▶ [Exercise aim]:
Begin your transcription at the line containing "Wi-Fi enabled G4" and continue it, word for word, to the final line below. Include only those lines and skip the pictures.
═════ Recorded information ═════
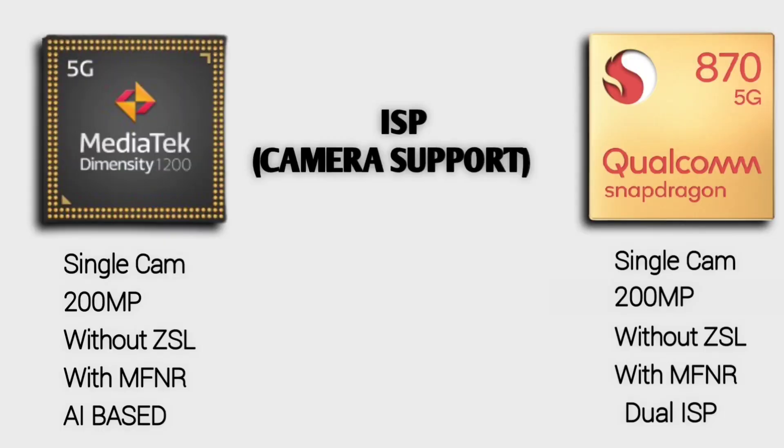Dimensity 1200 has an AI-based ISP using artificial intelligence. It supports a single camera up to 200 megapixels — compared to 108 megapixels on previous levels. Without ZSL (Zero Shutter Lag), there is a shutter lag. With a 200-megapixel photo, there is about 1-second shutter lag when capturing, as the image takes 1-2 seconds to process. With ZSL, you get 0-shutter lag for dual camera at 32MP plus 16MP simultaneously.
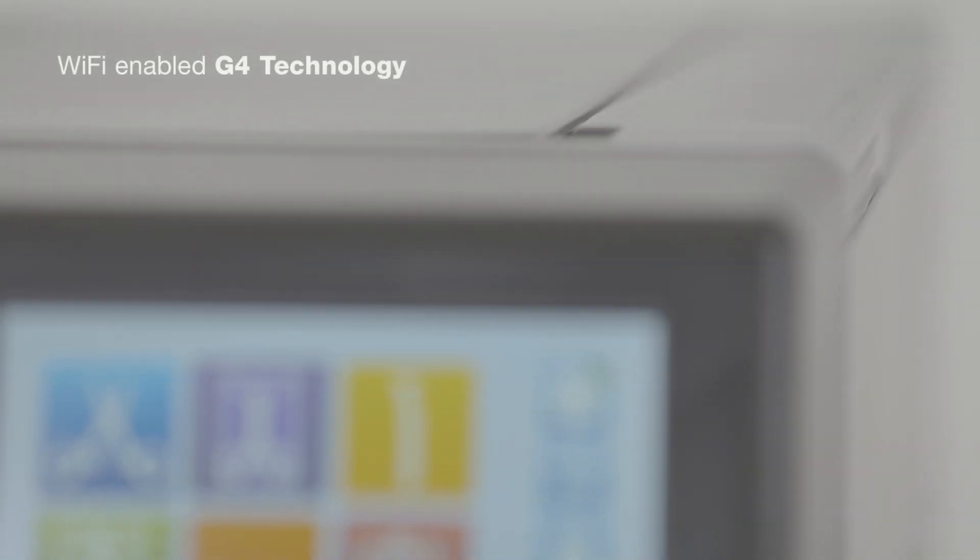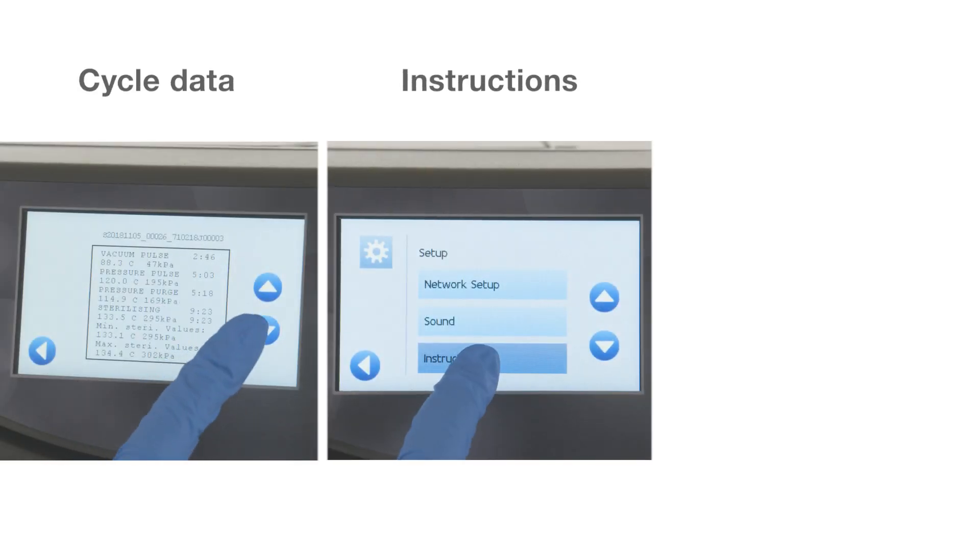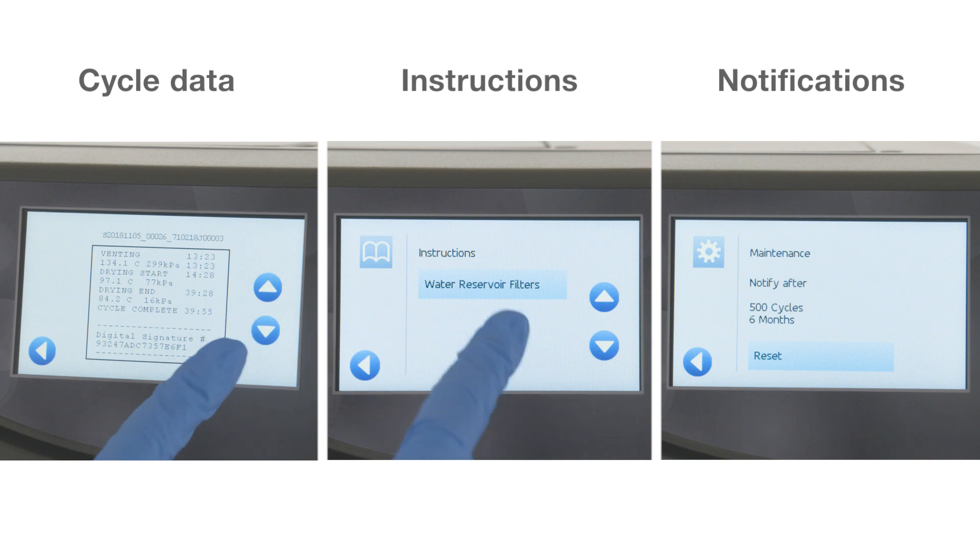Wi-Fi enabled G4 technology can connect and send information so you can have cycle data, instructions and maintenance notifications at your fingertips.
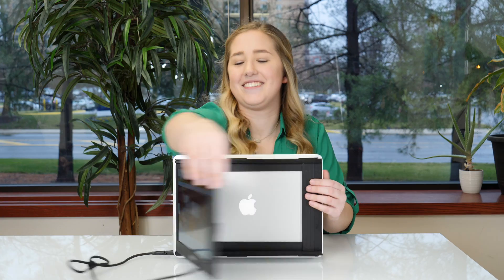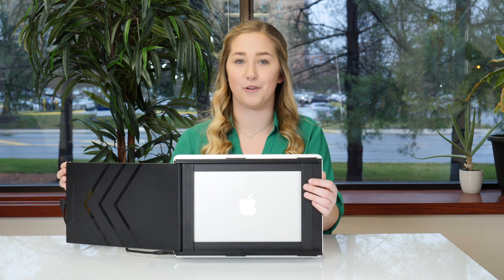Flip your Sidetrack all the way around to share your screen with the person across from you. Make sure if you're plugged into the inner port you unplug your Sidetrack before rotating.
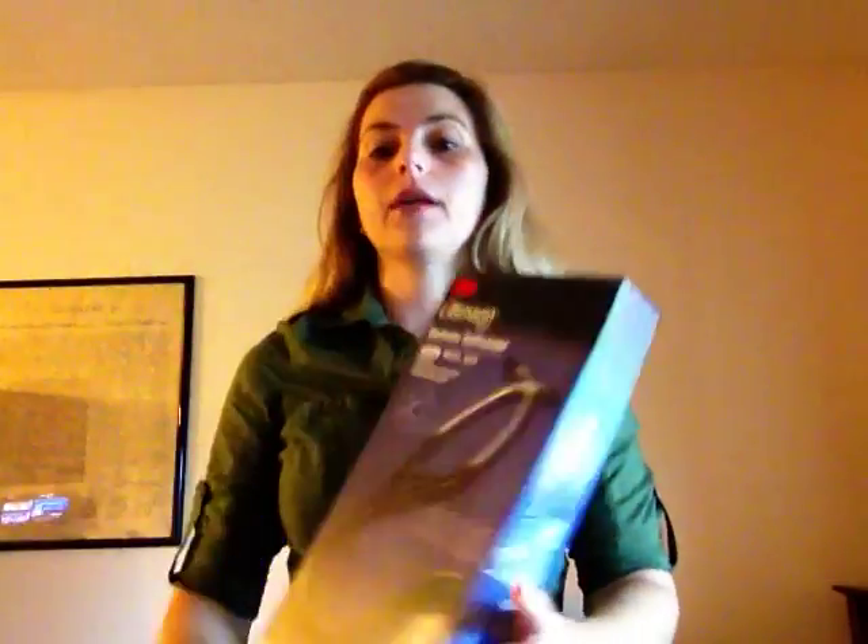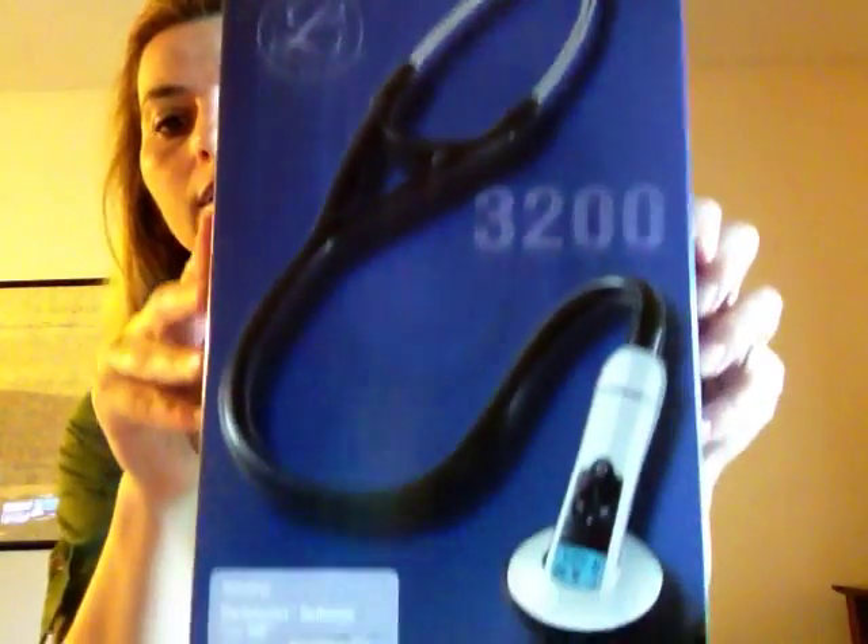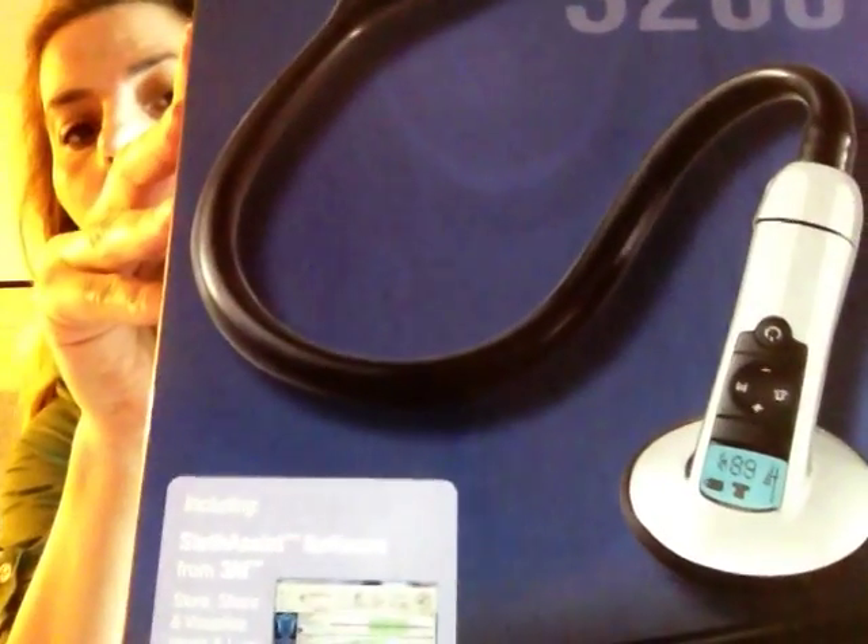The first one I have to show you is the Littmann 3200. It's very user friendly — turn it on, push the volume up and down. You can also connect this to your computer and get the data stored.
═════
▶ [Task output]:
Wi-Fi enabled G4 technology can connect and send information so you can have cycle data, instructions and maintenance notifications at your fingertips.
Flip your Sidetrack all the way around to share your screen with the person across from you. Make sure if you're plugged into the inner port you unplug your Sidetrack before rotating.
The first one I have to show you is the Littmann 3200. It's very user friendly — turn it on, push the volume up and down. You can also connect this to your computer and get the data stored.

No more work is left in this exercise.